O processo de identificação entre membros de Alcoólicos Anônimos: uma análise psicanalítica e foucaultiana de discurso
DOI:
https://doi.org/10.17058/psiunisc.v5i1.15294Palavras-chave:
Psicanálise, Alcoólicos Anônimos, Identificação, Alcoolismo, Subjetividade.Resumo
O presente artigo discute a função da identificação na terapêutica do alcoolismo proposta pela Irmandade Alcoólicos Anônimos (AA). Como procedimento metodológico, realizamos um estudo bibliográfico da literatura de AA e entrevistas com dez membros de AA na cidade de Juazeiro do Norte-CE. Para a análise dos resultados, realizamos uma articulação entre a teoria psicanalítica, análise de discurso e as contribuições da filosofia foucaultiana sobre discurso e poder. Em psicanálise, a identificação é definida como o laço afetivo mais remoto que o sujeito estabelece com o objeto.
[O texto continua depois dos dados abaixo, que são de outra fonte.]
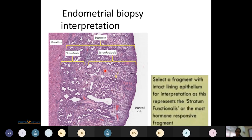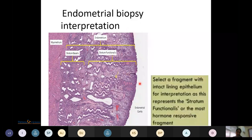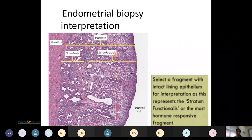On microscopy, the uterus shows the surface lining epithelium, below which lies the stratum functionalis, and below that lies the stratum basalis. Right below the basalis lies the myometrium. The stratum functionalis is the most hormone-responsive layer, so samples are taken from this layer.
Freud se vale do referido conceito em seu estudo sobre as formações grupais e das massas destacando três modos de identificação: com o pai, a sintomática e a histérica. Constatamos que para o membro de AA, a prática do programa terapêutico espiritual dos doze passos exige uma identificação sintomática com a “doença alcoólica” e com o outro membro “alcoólico”. A coesão grupal da Irmandade ocorre a partir do ideal do eu de “sobriedade”. A experiência dos fundadores registrada na literatura oficial da Irmandade serve como traço identificatório para os membros até hoje. Nas falas dos participantes, foi destacada a necessidade do vínculo grupal, comparado ao laço familiar, e do exercício de lideranças nos grupos, apesar da Irmandade não estabelecer líderes oficialmente. Concluímos que para os AA a terapêutica do alcoolismo equivale ao processo gradual de construção identitária do “alcoólico anônimo”, cujos efeitos subjetivos são de massificação em detrimento da singularidade.